ABOUT THIS TASK:
Every line from the one with "A billboard depicting" through the last line below should be repeated exactly; pictures stay out of the copy.

(Captioned web images)
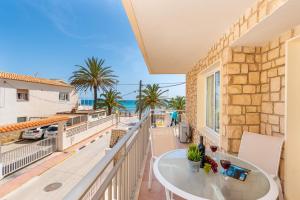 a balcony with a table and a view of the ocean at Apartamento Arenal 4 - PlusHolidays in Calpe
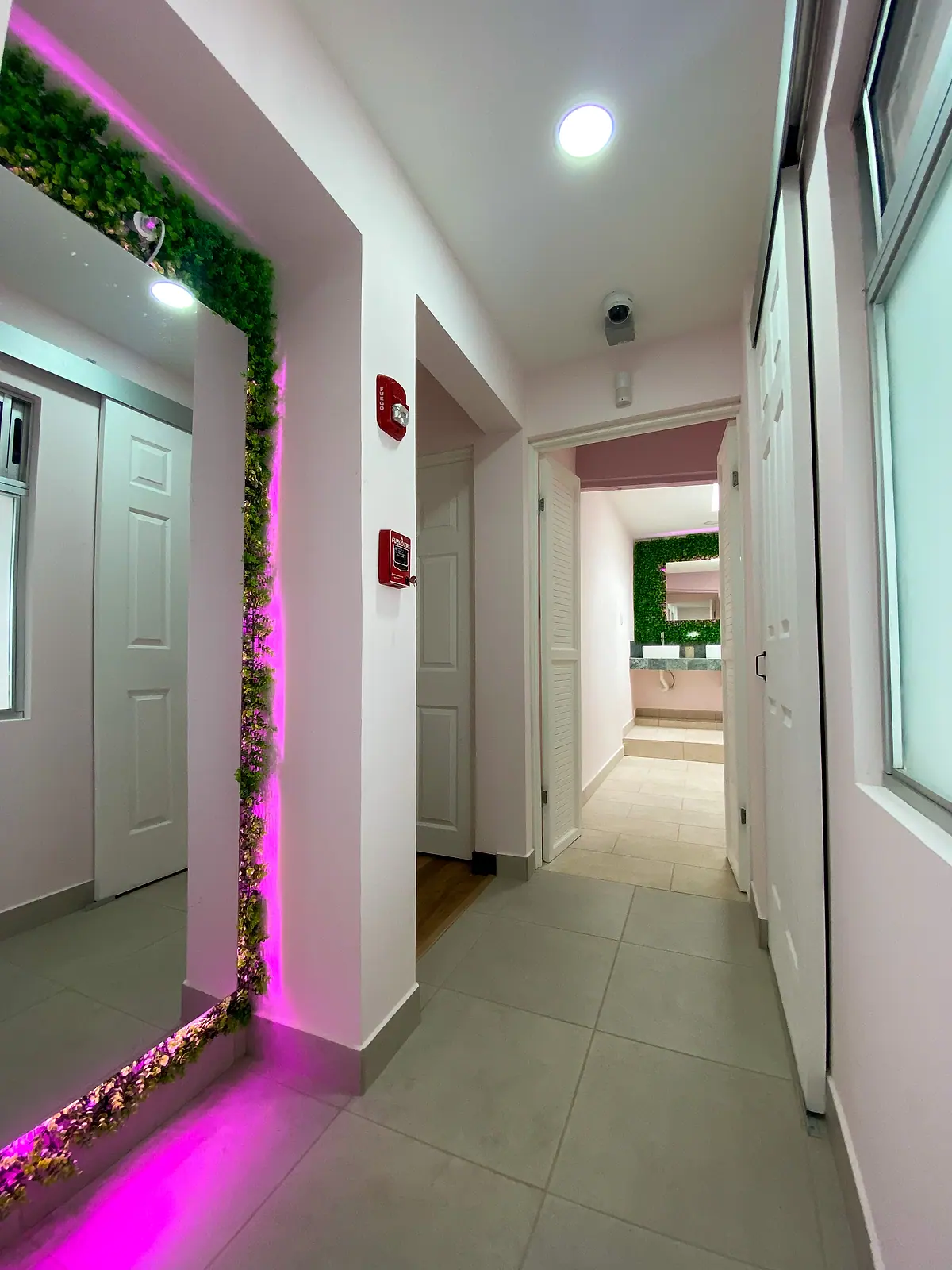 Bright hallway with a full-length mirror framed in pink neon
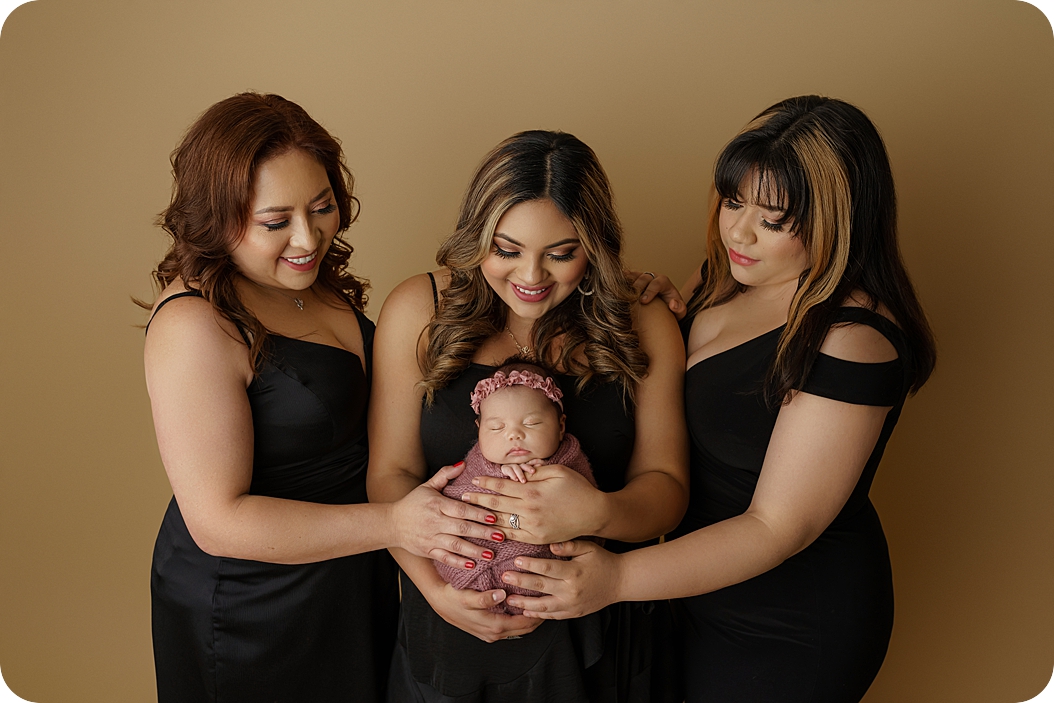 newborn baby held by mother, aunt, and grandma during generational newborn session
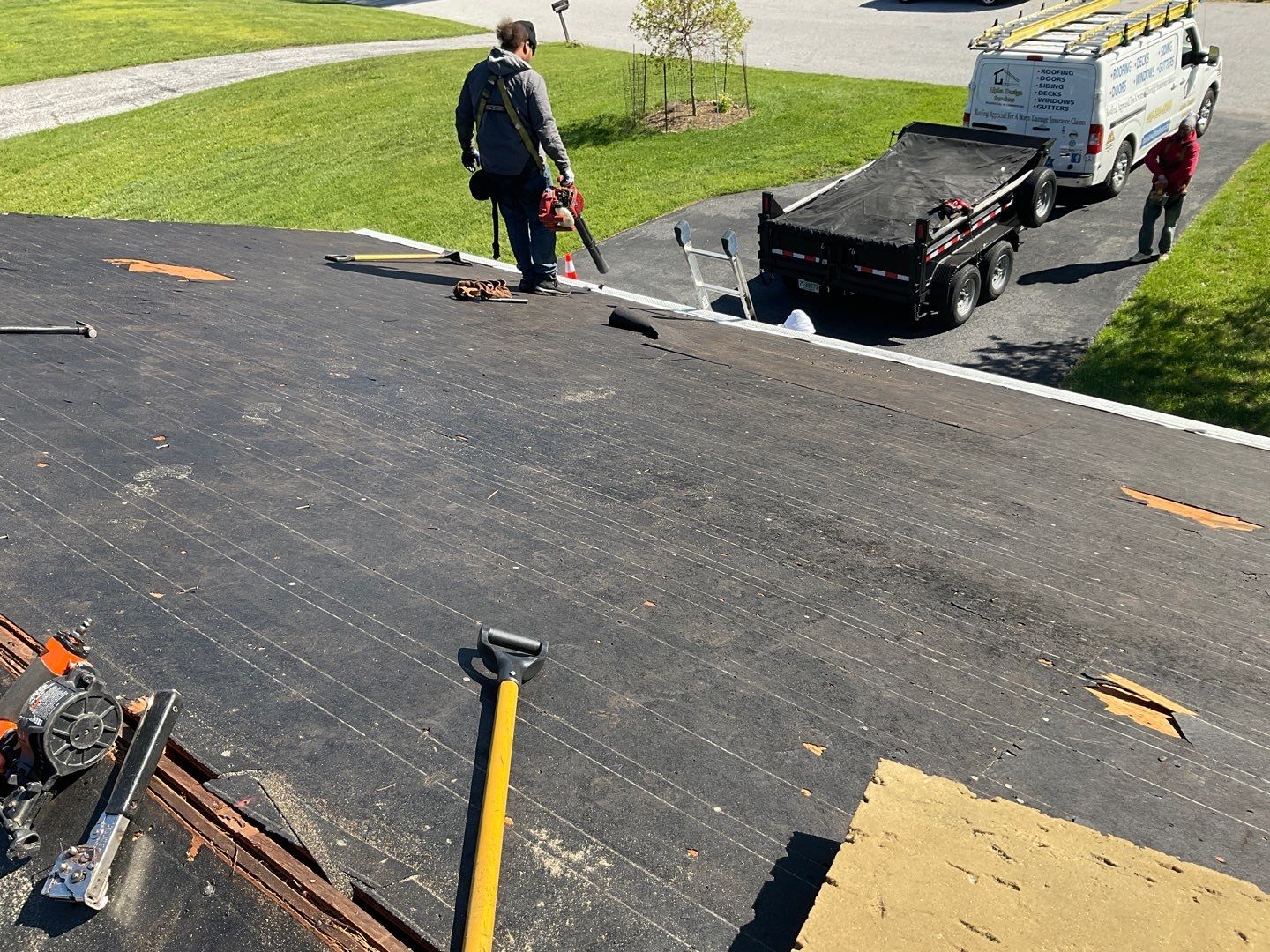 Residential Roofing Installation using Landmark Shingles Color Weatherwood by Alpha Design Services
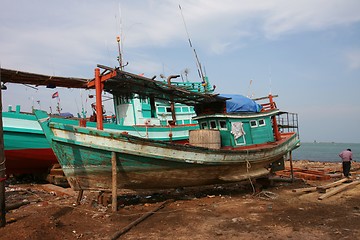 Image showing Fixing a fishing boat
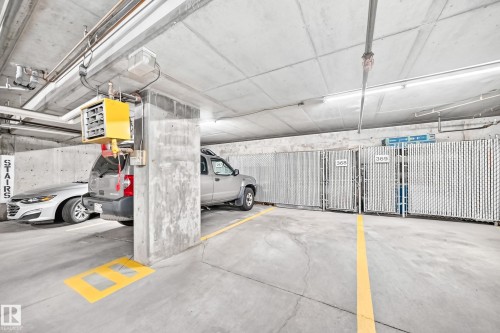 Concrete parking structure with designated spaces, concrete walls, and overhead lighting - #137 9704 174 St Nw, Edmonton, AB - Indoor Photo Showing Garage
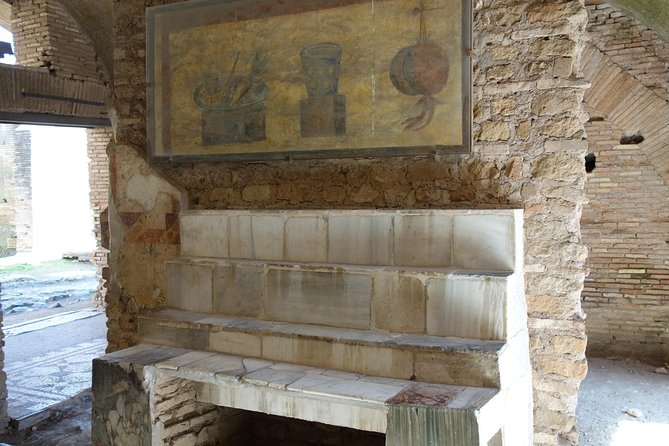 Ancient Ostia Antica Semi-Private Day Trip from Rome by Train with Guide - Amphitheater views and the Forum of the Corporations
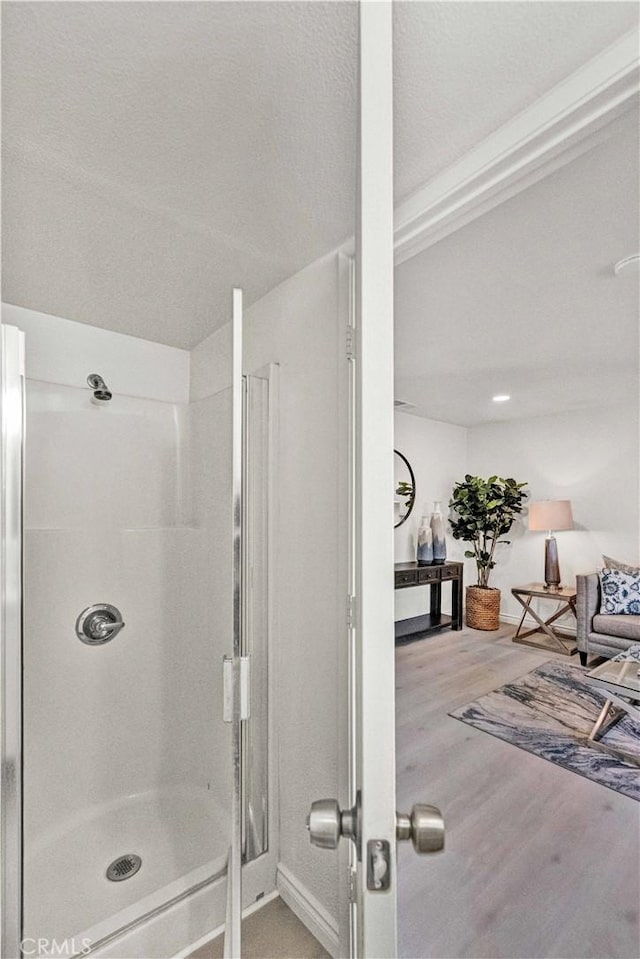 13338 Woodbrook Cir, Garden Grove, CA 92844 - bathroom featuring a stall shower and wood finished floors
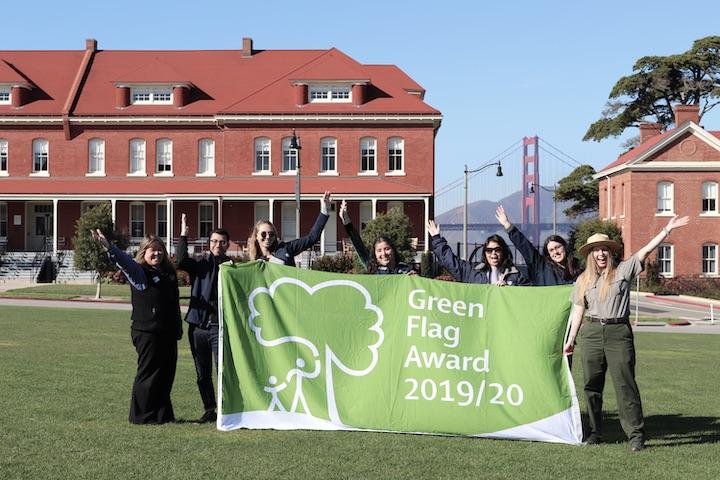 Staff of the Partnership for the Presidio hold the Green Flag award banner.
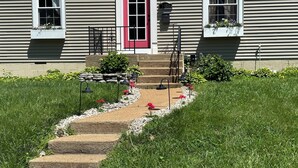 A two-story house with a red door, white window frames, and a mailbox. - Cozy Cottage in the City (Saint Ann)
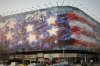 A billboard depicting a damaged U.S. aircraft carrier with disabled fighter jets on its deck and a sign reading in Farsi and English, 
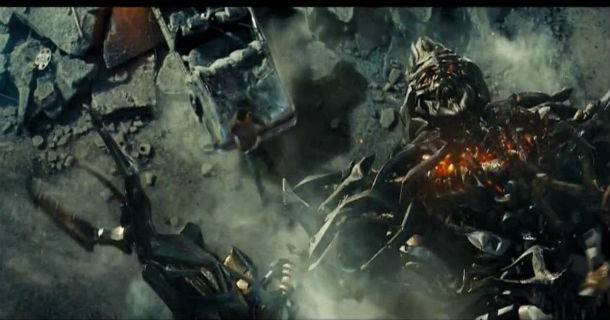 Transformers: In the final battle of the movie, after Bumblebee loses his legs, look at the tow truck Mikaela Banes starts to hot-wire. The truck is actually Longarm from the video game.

EXERCISE ANSWER:
 A billboard depicting a damaged U.S. aircraft carrier with disabled fighter jets on its deck and a sign reading in Farsi and English, 
 Transformers: In the final battle of the movie, after Bumblebee loses his legs, look at the tow truck Mikaela Banes starts to hot-wire. The truck is actually Longarm from the video game.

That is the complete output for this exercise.